### ACTIVITY
Each record below must come back exactly as written; its pictures must not.

### EXERCISE INPUT
════════
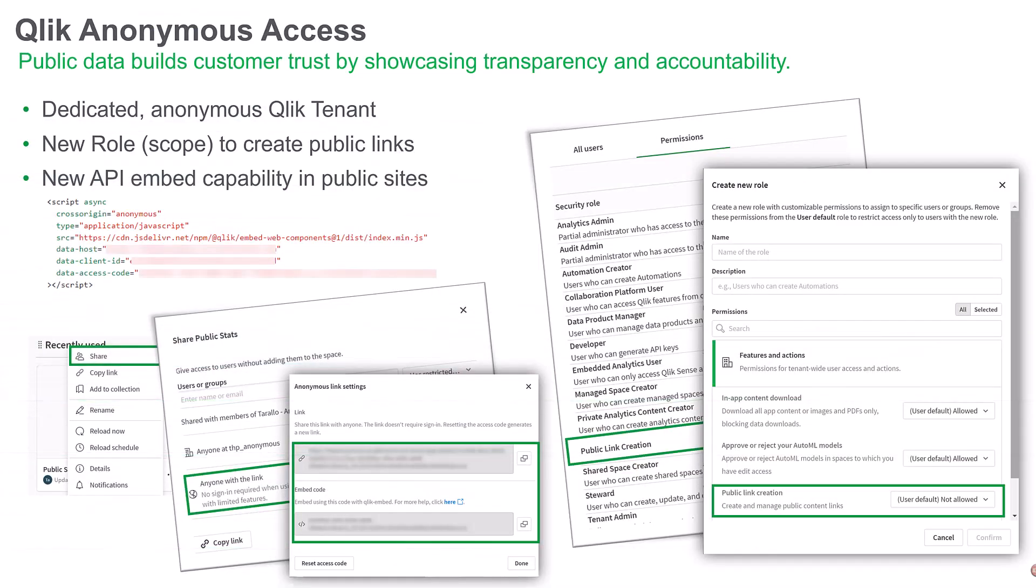This week, we release a new capability that allows organizations to share data insights with the public, without the need for complex authentication or user accounts.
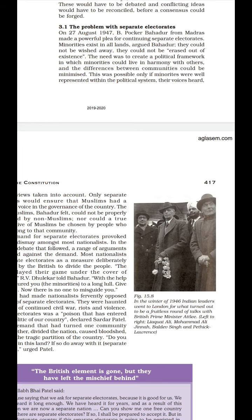Sardar Vallabhbhai Patel said that separate electorate was a poison that had entered the political body of our country. Among the nationalist leaders who opposed separate electorates were Govind Ballabh Pant and Begum Aizaz Rasul. Notably, Begum Aizaz Rasul, being a Muslim herself, said that if Hindus and Muslims have separate electorates there will be no unity, and for unity in the nation there should not be separate electorates. Being a Muslim, she was against separate electorates.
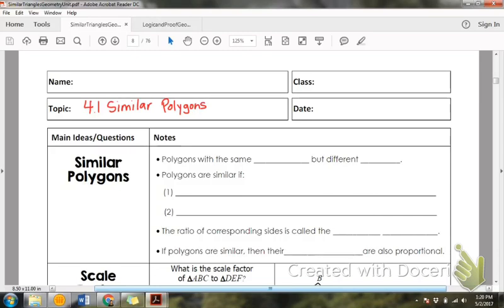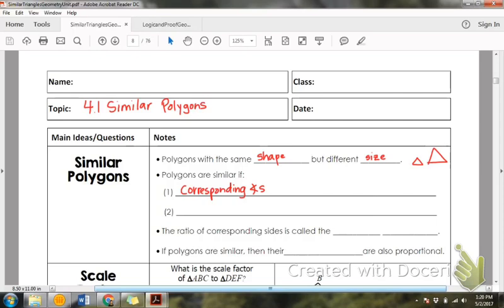Polygons with the same shape but different size. So if I look at these two triangles, they're the same shape but they're different sizes. When your polygons are similar, the corresponding angles are congruent — I'm going to abbreviate with the angle symbol and an S. Corresponding angles are congruent, so all the angles are actually the same.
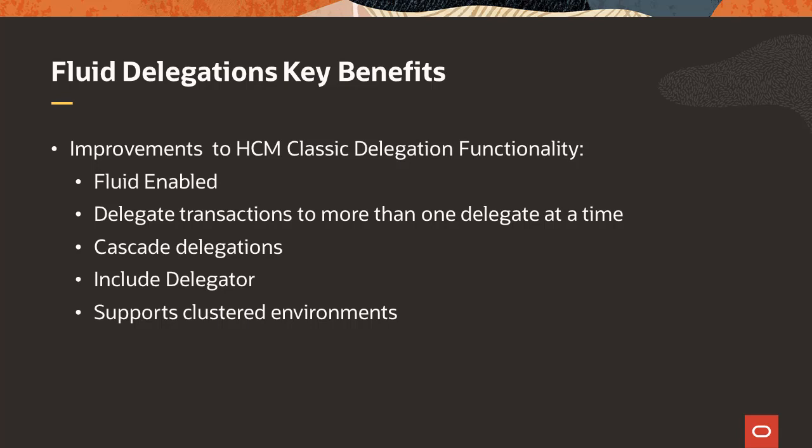You can cascade delegations down two levels. For example, if you delegate a transaction to John, then John can delegate that transaction to Abigail. However, Abigail cannot delegate that transaction to someone else.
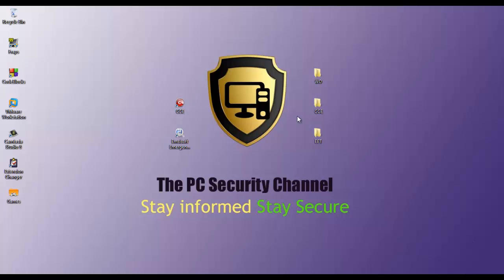Hello and welcome to another PC Security Channel video. As we all know, with the new protection of Windows 8, Windows Defender preloaded in your system, you don't really need that much basic anti-malware protection. But how good is Windows Defender?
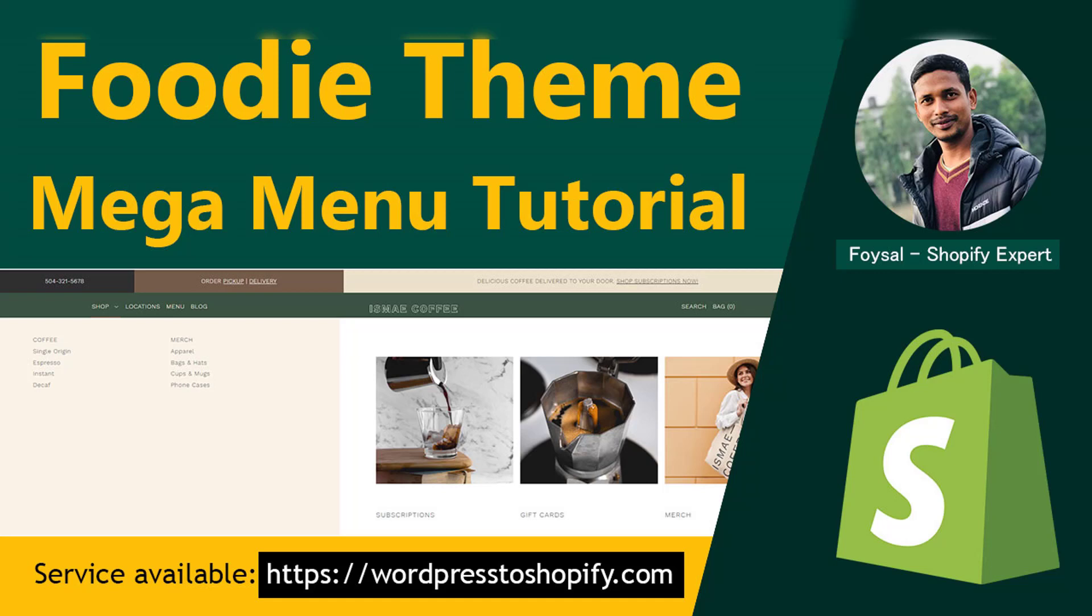Hey, welcome to my YouTube channel. In this tutorial, I'm going to show you how to update the mega menu section in the Foodie Shopify theme. If you're looking for easy and fast Shopify store customization and update tutorials, then continue this video. Let's get started.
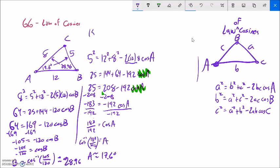Then I could get angle C by just going 180 minus those other two angles, and then I would have them all. So that is the law of cosines. You're going to combine it with law of sines sometimes when you're solving triangles.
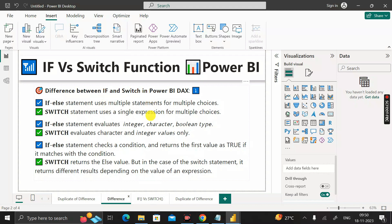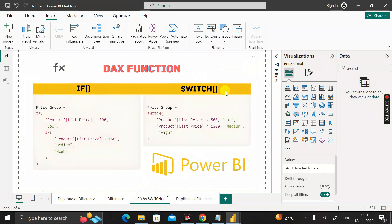Now let's understand the IF and SWITCH functions with an example. Here you can see the IF function and the SWITCH function. Suppose we have a table called 'Product' containing a column called 'List Price', where the data ranges from 0 to 2000. To use the IF function on that column, you write IF, then in parentheses, Product[ListPrice] less than 500 returns 'Low', and if less than 1500 returns 'Medium'.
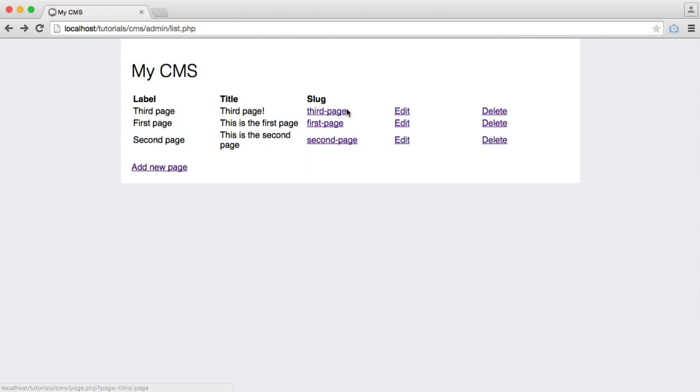But what happens if we want to edit this page? Well, we're going to create a very similar structure to this because all we're really doing is getting the data from a particular page. And we're going to resubmit that. And this time, update the data rather than reinsert it. So the next thing we're going to work on is the edit page.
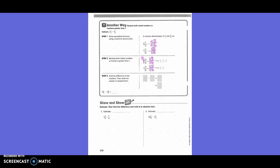But can we take 3/6 minus 5/6? No, because 5/6 is bigger than 3/6. So we're going to make that 2 into 1 and 6/6, which makes it 1 and 9/6. So now we take 1 and 9/6 minus 1 and 5/6, and get 4/6. 4/6 simplified — 2 goes into 4 twice and into 6 three times. So 2 and 1/2 minus 1 and 5/6 equals 2/3.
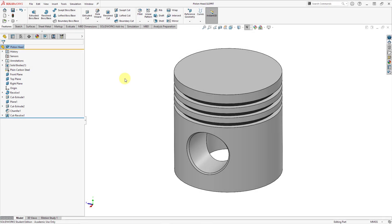Welcome to the latest episode of Creo Parametric for SOLIDWORKS users. In this video, we're going to take a look at terminology. We're going to cover 25 terms that are different in SOLIDWORKS compared to Creo Parametric, and terminology is important. Back when I used to teach Introduction to Pro Engineer, SOLIDWORKS students would get confused by terms like constraints and mates, and also you might be trying to get some help from somebody and they might be using different terms than you are expecting.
════════
### EXERCISE ANSWER
This week, we release a new capability that allows organizations to share data insights with the public, without the need for complex authentication or user accounts.
Sardar Vallabhbhai Patel said that separate electorate was a poison that had entered the political body of our country. Among the nationalist leaders who opposed separate electorates were Govind Ballabh Pant and Begum Aizaz Rasul. Notably, Begum Aizaz Rasul, being a Muslim herself, said that if Hindus and Muslims have separate electorates there will be no unity, and for unity in the nation there should not be separate electorates. Being a Muslim, she was against separate electorates.
Polygons with the same shape but different size. So if I look at these two triangles, they're the same shape but they're different sizes. When your polygons are similar, the corresponding angles are congruent — I'm going to abbreviate with the angle symbol and an S. Corresponding angles are congruent, so all the angles are actually the same.
You can cascade delegations down two levels. For example, if you delegate a transaction to John, then John can delegate that transaction to Abigail. However, Abigail cannot delegate that transaction to someone else.
Hello and welcome to another PC Security Channel video. As we all know, with the new protection of Windows 8, Windows Defender preloaded in your system, you don't really need that much basic anti-malware protection. But how good is Windows Defender?
Hey, welcome to my YouTube channel. In this tutorial, I'm going to show you how to update the mega menu section in the Foodie Shopify theme. If you're looking for easy and fast Shopify store customization and update tutorials, then continue this video. Let's get started.
Then I could get angle C by just going 180 minus those other two angles, and then I would have them all. So that is the law of cosines. You're going to combine it with law of sines sometimes when you're solving triangles.
Now let's understand the IF and SWITCH functions with an example. Here you can see the IF function and the SWITCH function. Suppose we have a table called 'Product' containing a column called 'List Price', where the data ranges from 0 to 2000. To use the IF function on that column, you write IF, then in parentheses, Product[ListPrice] less than 500 returns 'Low', and if less than 1500 returns 'Medium'.
But what happens if we want to edit this page? Well, we're going to create a very similar structure to this because all we're really doing is getting the data from a particular page. And we're going to resubmit that. And this time, update the data rather than reinsert it. So the next thing we're going to work on is the edit page.
But can we take 3/6 minus 5/6? No, because 5/6 is bigger than 3/6. So we're going to make that 2 into 1 and 6/6, which makes it 1 and 9/6. So now we take 1 and 9/6 minus 1 and 5/6, and get 4/6. 4/6 simplified — 2 goes into 4 twice and into 6 three times. So 2 and 1/2 minus 1 and 5/6 equals 2/3.
Welcome to the latest episode of Creo Parametric for SOLIDWORKS users. In this video, we're going to take a look at terminology. We're going to cover 25 terms that are different in SOLIDWORKS compared to Creo Parametric, and terminology is important. Back when I used to teach Introduction to Pro Engineer, SOLIDWORKS students would get confused by terms like constraints and mates, and also you might be trying to get some help from somebody and they might be using different terms than you are expecting.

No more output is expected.